Hanamaki raises his eyebrows. "You're awfully confident for a man who hasn't played a match in fifteen years. Though you do have Iwaizumi."

"I might be a bit rusty," Tooru says loftily, "but it'll be more than enough to beat you, Yahaba-chan, and Mad-Dog-chan. You mustn't forget I was your captain and setter-- I still know all of your weaknesses."

"Your personality is so bad," Hajime says, untangling their fingers and holding out his hands for Kyoutani to pass him the ball under the net.

Tooru chuckles, fluttering his eyelashes when Hajime looks back at him. "I’m your favorite," he says, and wiggles his fingers to ask for the ball. He catches it easily, and rolls it in his hands, feeling the seams. "You’re not fooling anyone, Iwa-chan~ You adore me! I am the sugar to your Papilio machaon, the flame to your moth—"

"The pain in my ass…"

"Only if you ask really nicely," Tooru replies, letting Hajime sputter in embarrassment as Matsukawa groans in misery, and then he sends the ball up above him, and prepares to serve again.
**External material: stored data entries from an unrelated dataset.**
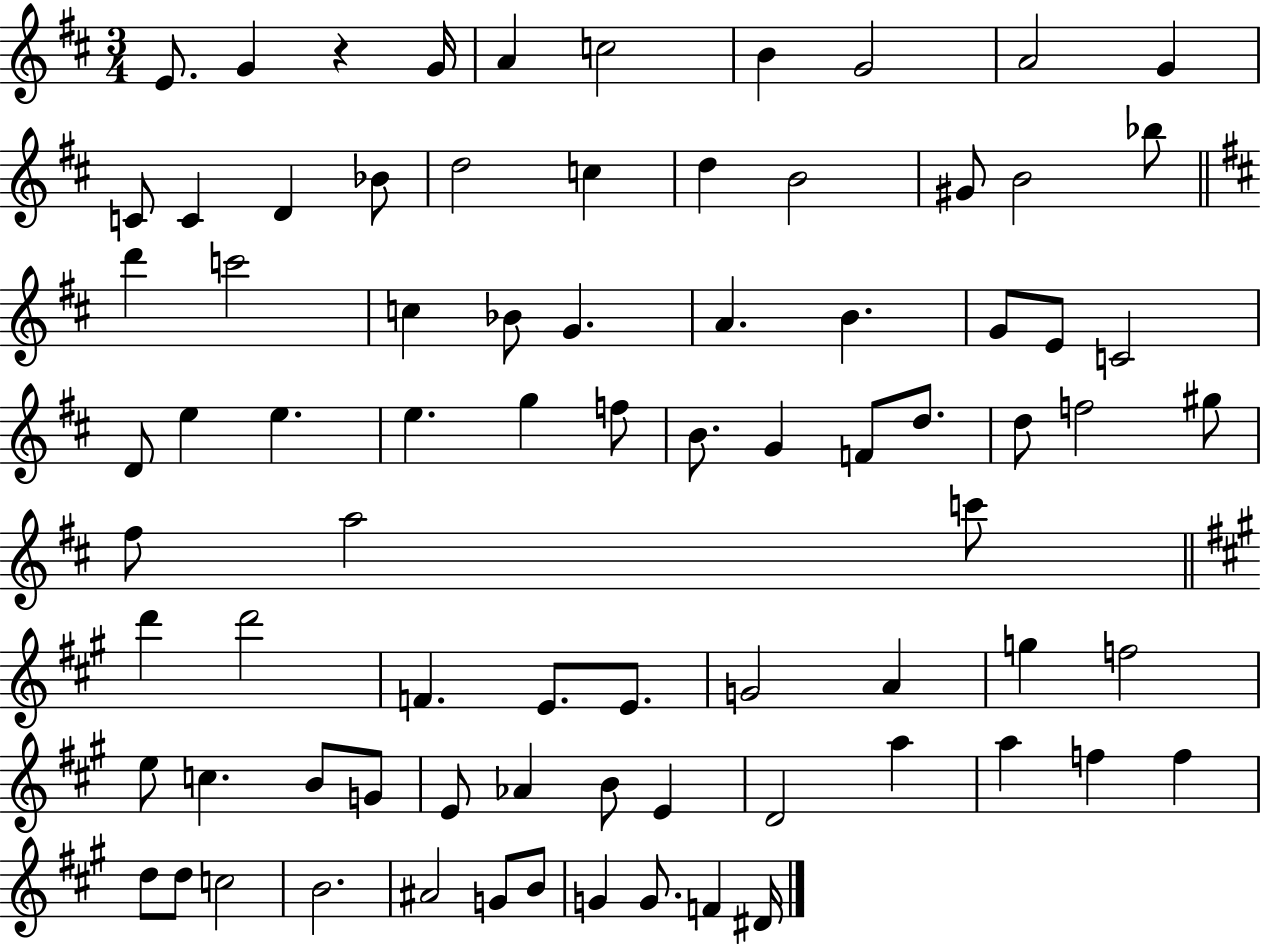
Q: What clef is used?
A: treble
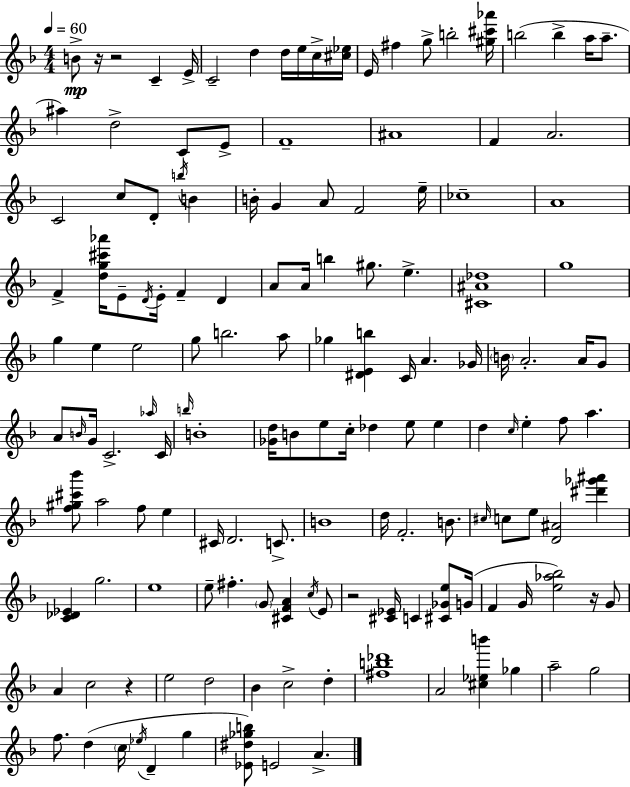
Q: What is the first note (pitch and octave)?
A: B4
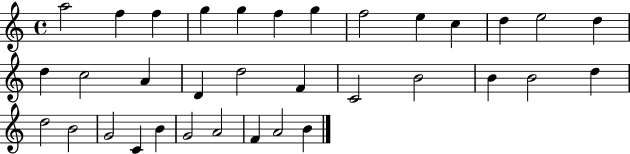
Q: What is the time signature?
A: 4/4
Later, Tooru knows, they’ll go to his sister’s house for dinner, and his sister will tease them both, acceptance written in every gesture as Tooru holds Hajime’s hand under the table. Later than that, they’ll go back to Tooru’s apartment and put a few more things into boxes in preparation for his next move, and then smush together on the sofa despite the sticky heat and watch reruns of The X-files on television until Hajime falls asleep, turning from handsome boyfriend to slumbering pumpkin at midnight. Even later, Tooru will rest his ear on Hajime’s chest, and listen to his heartbeat as he lies awake, thinking that even if in the vastness of the universe, Tooru and Hajime are nothing but ants, Tooru’s world is much smaller than that, and Hajime has always been the center of it.

It’s not that Tooru isn’t still scared. It’s not that he doesn’t hesitate. He can’t stop doing those things just because he’s chosen this, just because he doesn’t regret it, because he, like a butterfly, remembers every sign of danger he learned as a caterpillar, and life isn’t something anyone can ever really start over from scratch.

As his palm hits the ball with a satisfying smack, sending it spiraling through the air with perfect precision just the way he used to in high school, lactic acid burning in his calves and the court spread out below him like a kingdom waiting for him to conquer it, Tooru thinks that also, maybe, like a butterfly, he has emerged from the cocoon of the past ten years with a strong and beautiful pair of wings.